Eine starke Frau in einer schwierigen Situation in einer unruhigen Zeit, eine Frau, die von Anfang an das Leben Jesu ermöglicht, begleitet und mit durchlitten hat. In ihr begegnet uns das Urbild der Mutter, die einerseits mitten im Geschehen steht und andererseits seltsam im Abseits. Von Anfang an muss Maria es lernen, loszulassen und mit dem Wissen zu leben: Dieses Kind „gehört“ mir nicht, es ist das Kind Gottes – ein Mensch, der für andere da sein soll und wird und dabei am wenigsten für mich, seine Mutter. Ein Leben für andere – schon gleich die Geburt des Kindes wird zu einem öffentlichen Ereignis – für die „Hirten auf dem Feld“, für die „Weisen“ und auch für Herodes. Von Anfang an liegt der Schatten solch einer Öffentlichkeit auf dieser Frau und ihrer jungen Familie, sie müssen fliehen, sich dieser Öffentlichkeit entziehen und dorthin gehen, wo keiner sie kennt – nach Ägypten.
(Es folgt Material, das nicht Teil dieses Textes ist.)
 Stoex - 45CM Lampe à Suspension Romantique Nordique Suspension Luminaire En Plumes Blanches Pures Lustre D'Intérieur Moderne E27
Ich lerne von Maria, dass auch unsere Kinder uns nicht gehören, dass sie ein Geschenk Gottes sind und dass es Aufgabe der Mutter, des Vaters ist, diese Kinder zu schützen, zu fördern, sie aber dann auch ihre eigenen Wege gehen zu lassen. Nach und nach und seltsam aus dem Abseits gilt es, diese Gotteskinder lieb zu haben und mehr und mehr loszulassen.

Maria kannte Jesus wie sonst niemand, und doch musste sie sehr bald erkennen, dass es da eine Seite an ihrem Sohn gab, zu dem sie als Mutter und engste Bezugsperson keinen Zugang hatte. Ich denke an die Erzählung über den zwölfjährigen Jesus im Tempel. Der jugendliche Jesus war scheinbar im Trubel des Passahfestes verloren gegangen – alle Eltern, die schon einmal ein abhandengekommenes Kind verzweifelt gesucht haben, wissen, was Maria in dieser Situation durchgemacht hat. Als sie Jesus schließlich im Tempel umringt von einigen Schriftgelehrten finden und ihn mit einer Mischung aus Wut und Erleichterung zur Rede stellen, fragt er sie verwundert: „Wisst ihr nicht, dass ich in meines Vaters Haus sein muss …“

Nein, das wusste sie nicht, und sie verstand es auch nicht – ich glaube, sie hat ganz bis zum Schluss nicht verstanden, was da mit ihrem Sohn geschah – für sie gehörte Jesus einfach und zunächst mal zur leiblichen Familie. Umso schmerzhafter für sie, zu erkennen, dass dieser Aspekt im Leben Jesu zunehmend an Bedeutung verlor. Ich denke an die Erzählung, bei der Maria Einlass zu einer bereits überfüllten Veranstaltung mit Jesus begehrt. Sie lässt Jesus ausrichten: „Deine Mutter, deine Familie ist hier und will dich sehen.“ Und Jesus lässt zurück ausrichten: „Meine Familie, meine Schwestern und Brüder sind die, die mir nachfolgen.“

Das muss der leiblichen Mutter sehr, sehr wehgetan haben. Ihr eigener Sohn signalisiert ihr: Hier geht es um Beziehungen und Inhalte, zu denen du als leibliche Verwandte nicht automatisch Zugang hast – ja, man hat den Eindruck, dass die enge, leibliche Verwandtschaft diese neue und andere Beziehung zu Jesus geradezu verhindert. Das erinnert mich an das irische Sprichwort: „Freunde sind Gottes Entschuldigung für Verwandte.“

Ich weiß aus eigener Erfahrung, dass Eltern und Kinder sich irgendwann voneinander entfremden (müssen) und dass es zukünftig Menschen geben wird, die an diesem von mir so geliebten Kind viel näher dran sind als ich. Das tut weh.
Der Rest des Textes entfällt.